La France reste relativement préservée face à l’explosion mondiale des fraudes aux deepfakes qui totalisent 2,19 milliards de dollars.
La cybercriminalité change de visage, littéralement. Alors que les contenus générés par intelligence artificielle saturent nos écrans, une étude récente de Surfshark révèle l’ampleur des dégâts. À l’échelle du globe, les pertes atteignent le chiffre vertigineux de 2,19 milliards de dollars. Si certains territoires comme les États-Unis ou la Malaisie subissent de plein fouet cette vague de fraudes sophistiquées, l’Hexagone semble, pour l’instant, garder la tête hors de l’eau.
Un bilan hexagonal étonnamment bas
Avec un préjudice total évalué à un million d’euros, notre pays se situe en bas de tableau et occupe la 25e place sur 36 nations étudiées. Ce montant, bien que conséquent pour les victimes, paraît dérisoire face aux centaines de millions envolés chez nos voisins britanniques. Cette relative épargne ne signifie pas pour autant que les malfaiteurs boudent le territoire. Ils y déploient simplement des méthodes différentes, plus ciblées.
Ici, la menace ne se cache pas derrière de faux placements financiers complexes, mais derrière l’émotion. La quasi-totalité des vols répertoriés chez nous découle d’arnaques sentimentales. Le scénario est souvent identique ! Des visages de célébrités sont détournés pour séduire des internautes isolés. L’affaire d’une habitante ayant transféré une fortune à un « faux » Brad Pitt numérique illustre parfaitement cette vulnérabilité affective que l’IA parvient désormais à exploiter avec un réalisme troublant.
L’Europe à deux vitesses face aux faux contenus comme les deepfakes
Le contraste avec le reste du continent est saisissant.
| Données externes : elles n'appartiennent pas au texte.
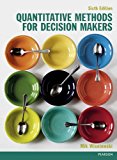 Quantitative Methods for Decision Makers  cover art
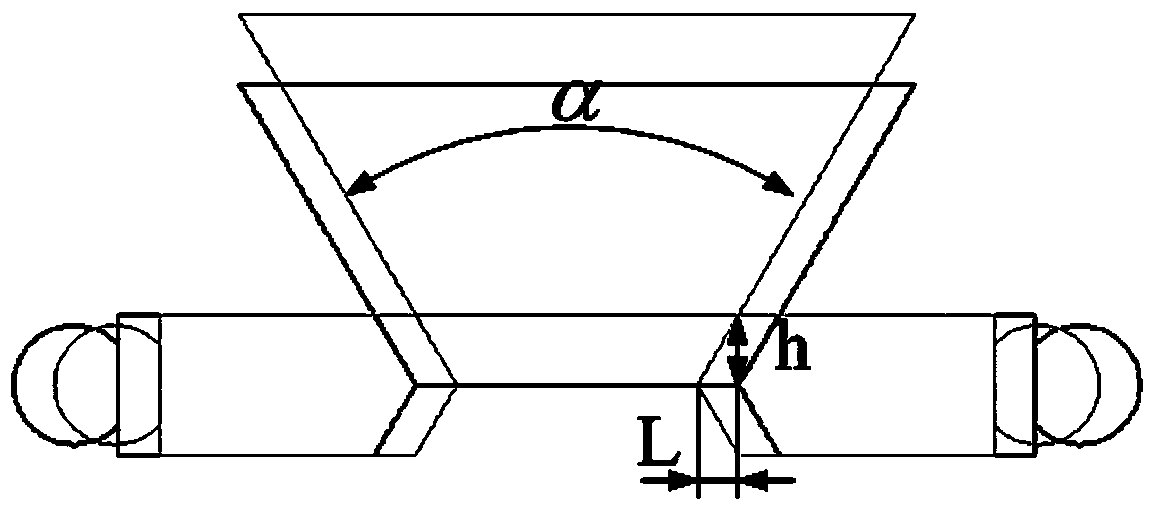 Conicity measuring device and method of inner taper hole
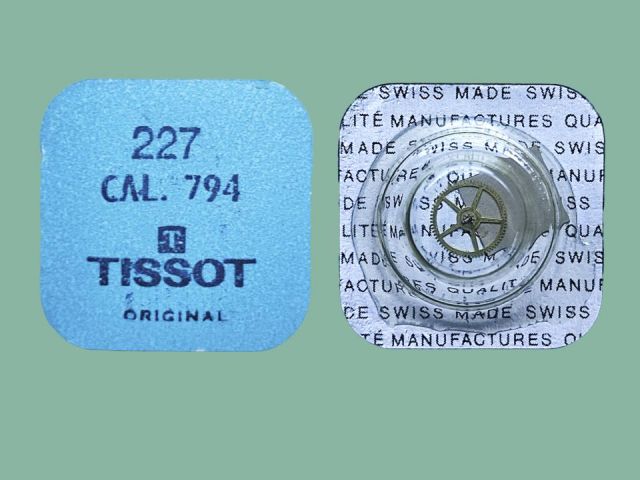 TISSOT 794 #227 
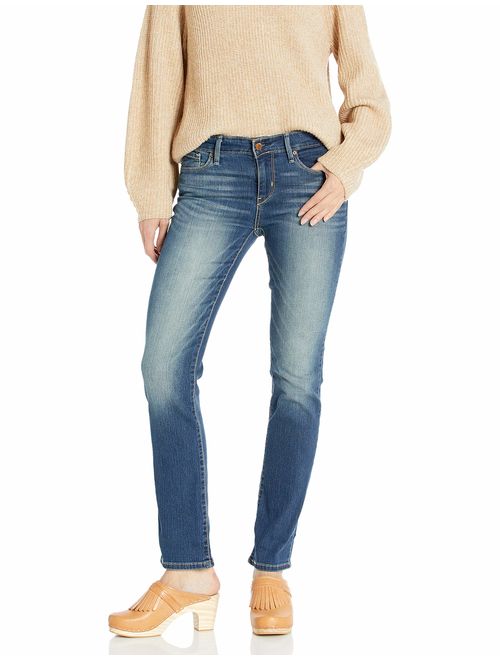 Signature by Levi Strauss & Co. Gold Label Women's Straight Jean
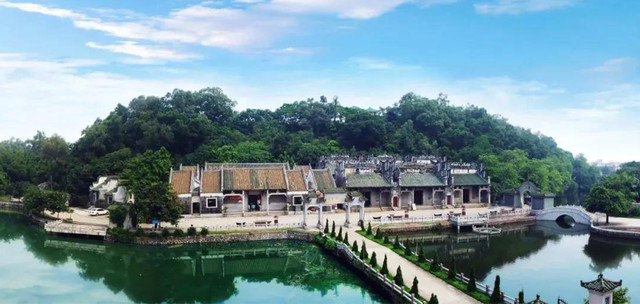 屋脊上都有“戏台”!800年古庙邀你免费赏,绝大多数三水人都去过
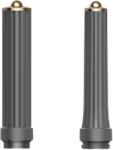 STARCREST Accesorii pentru ondulare par lung, compatibile cu uscatorul de par STARCREST SHD-5-1 (SHD-5-1_30/40x192mm)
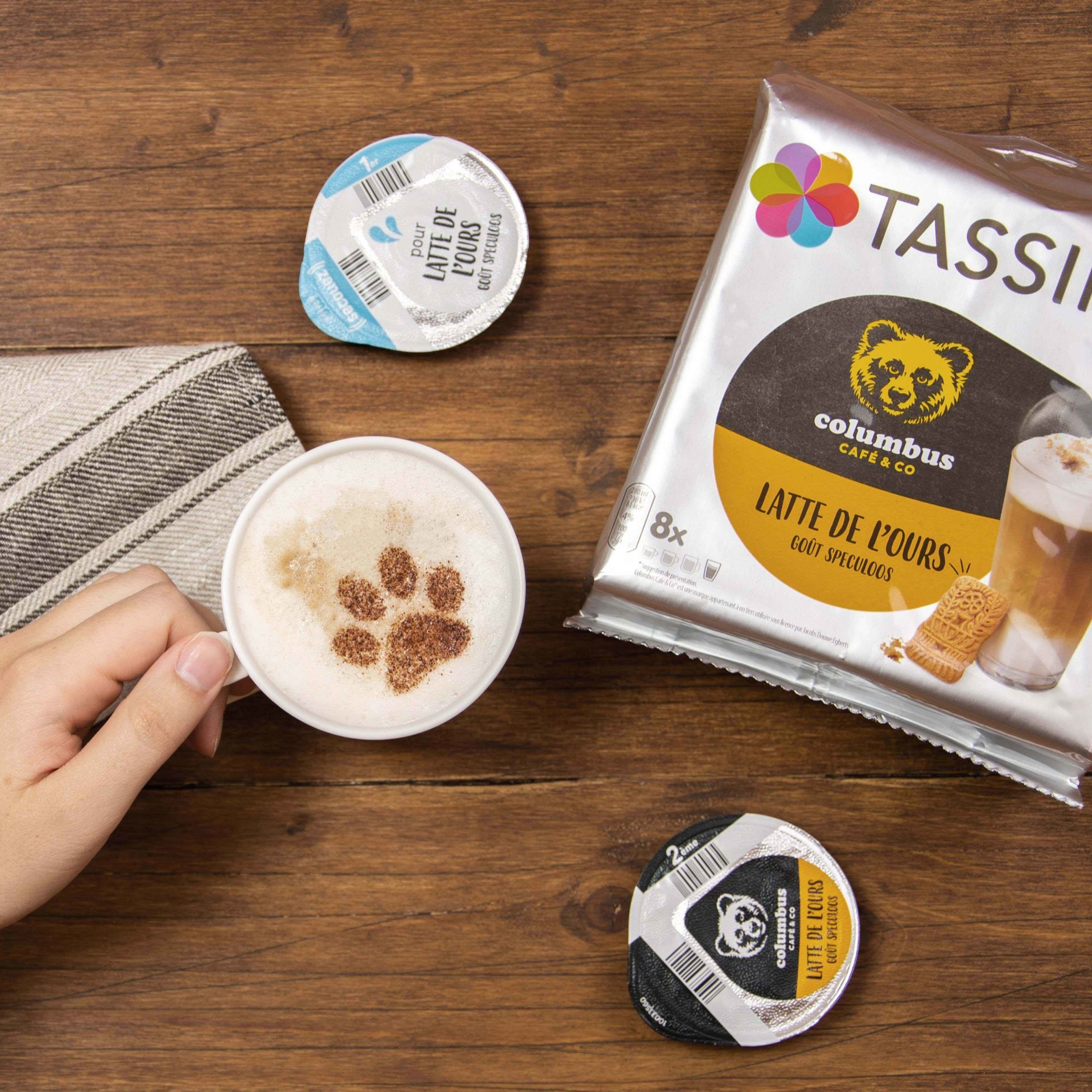 Nos dosettes Tassimo®️ – Columbus Café & Co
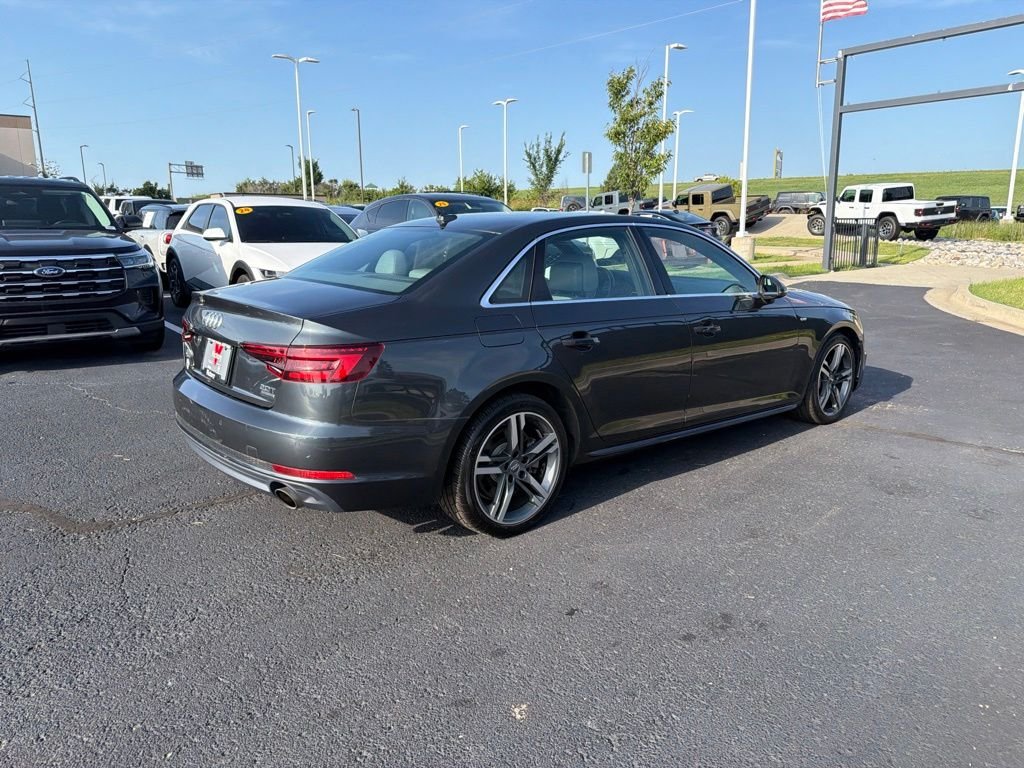 Used 2018 Gray Audi 2.0T Premium Plus image 7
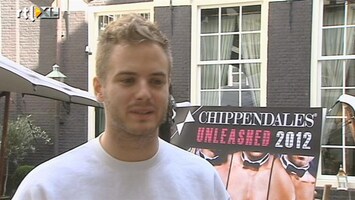 RTL Boulevard Chippendales strikken Jim Bakkum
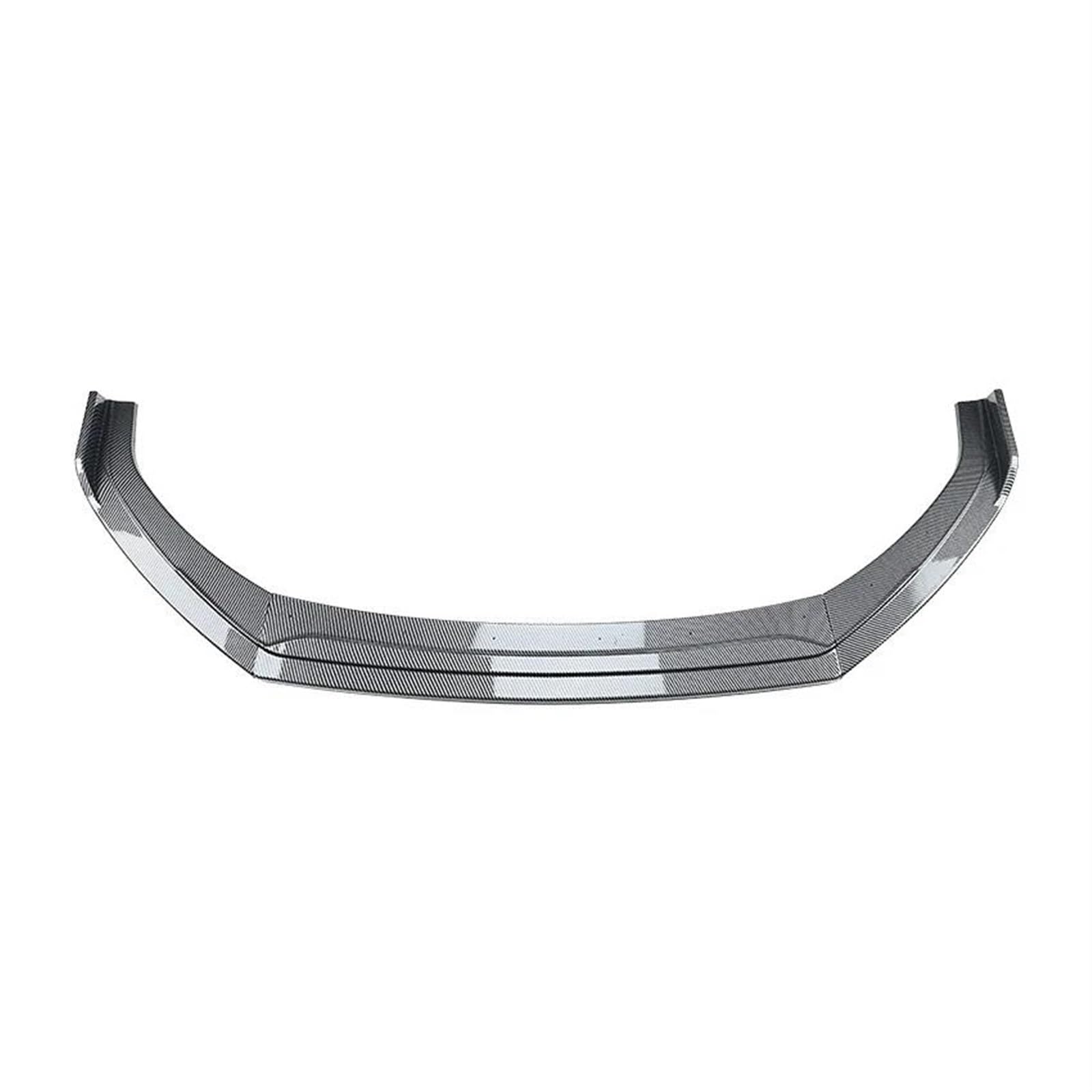 Deflector Für Toyota GR86 2021 2022 2023 Auto Front Lower Bumper Splitter Lip Spoiler Diffusor Schutz Körper Kit Abdeckung Schutz Spoiler(Kohlenschwarz) von DZSQTGJKIO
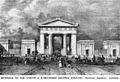 Euston Arch, ca. 1851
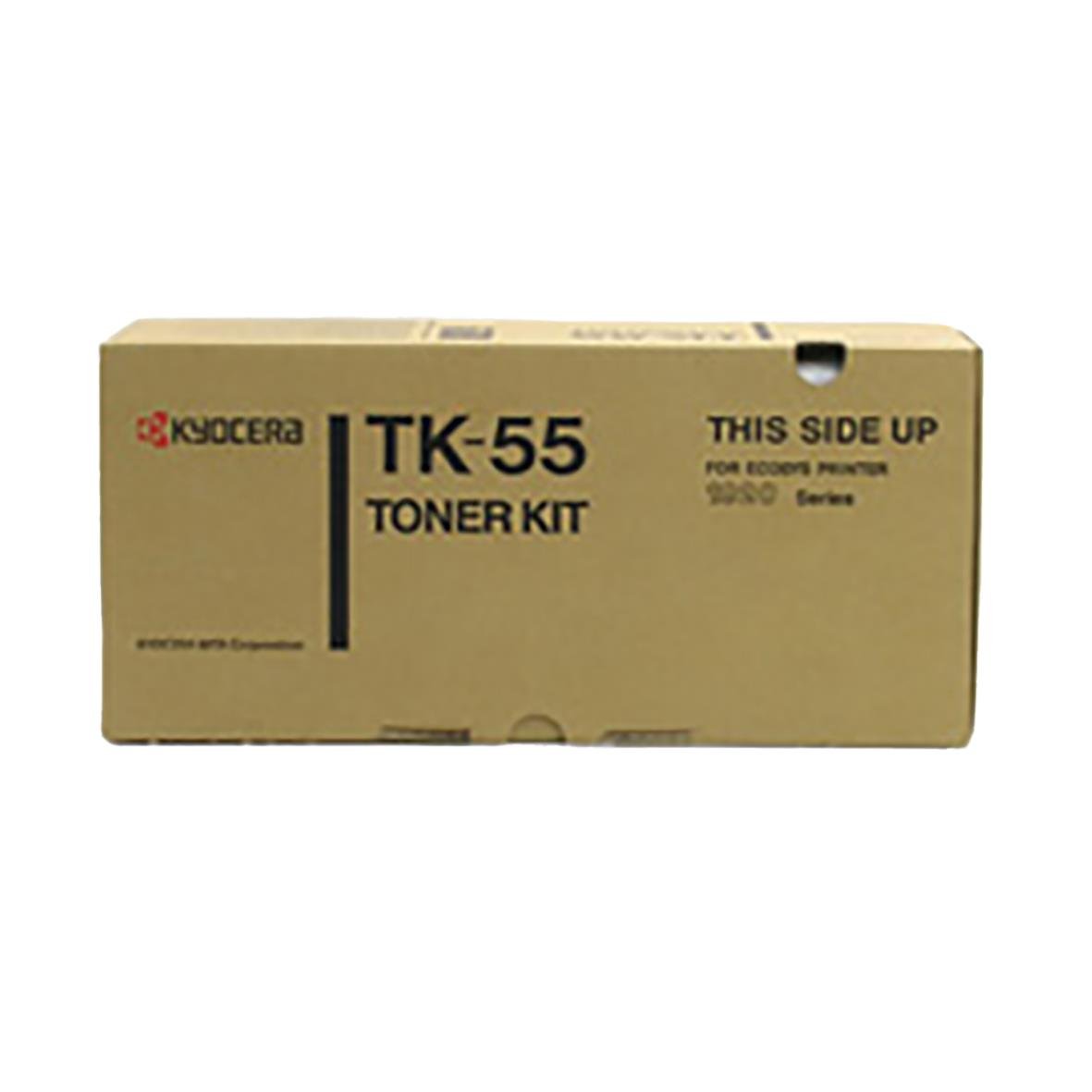 Kyocera TK-55 laser tonerkassett i originalförpackning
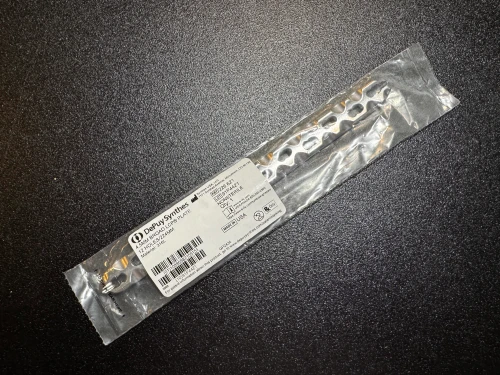 Photo of Synthes 226.621 4.5mm Broad LCP Plate, 12H, 224mm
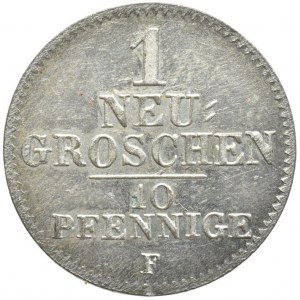 Sasko, Friedrich August II. 1836-1854, 1 Neugroschen 1846 F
Le Royaume-Uni, l’Espagne et la Suède figurent dans le peloton de tête des victimes. Pour ces pays, le moteur de la fraude est l’appât du gain immédiat. Des vidéos truquées de personnalités publiques vantent des investissements miracles. Les hackers vident alors les comptes bancaires de citoyens attirés par des promesses de rentabilité facile.
Lina Survila, porte-parole chez Surfshark, explique que ce qui n’était qu’une curiosité technologique en 2019 est devenu un véritable moteur de crise pour la cybersécurité. Selon elle, les méthodes évoluent selon les zones géographiques. Quand l’Indonésie voit ses systèmes bancaires attaqués par des usurpations d’identité biométriques, les Américains font face à des appels d’urgence simulés où l’IA imite la voix de leurs propres enfants.
Apprendre à déjouer l’illusion numérique
La vigilance reste l’unique rempart efficace. Les spécialistes recommandent désormais de casser le sentiment d’urgence, souvent utilisé pour paralyser le jugement des victimes. Quelques détails techniques permettent parfois de démasquer la supercherie, comme un décalage entre le mouvement des lèvres et le son, ou une peau trop lisse pour être honnête.
Au-delà de la technique, la protection devient organisationnelle. Les entreprises forment désormais leurs cadres à vérifier chaque demande de virement via un second canal de communication. Dans la sphère privée, l’idée d’un code secret familial fait son chemin pour authentifier les appels de détresse. Face à des outils capables de copier n’importe quelle apparence, la confiance ne peut plus reposer sur une simple image.
Article basé sur un communiqué de presse reçu par la rédaction.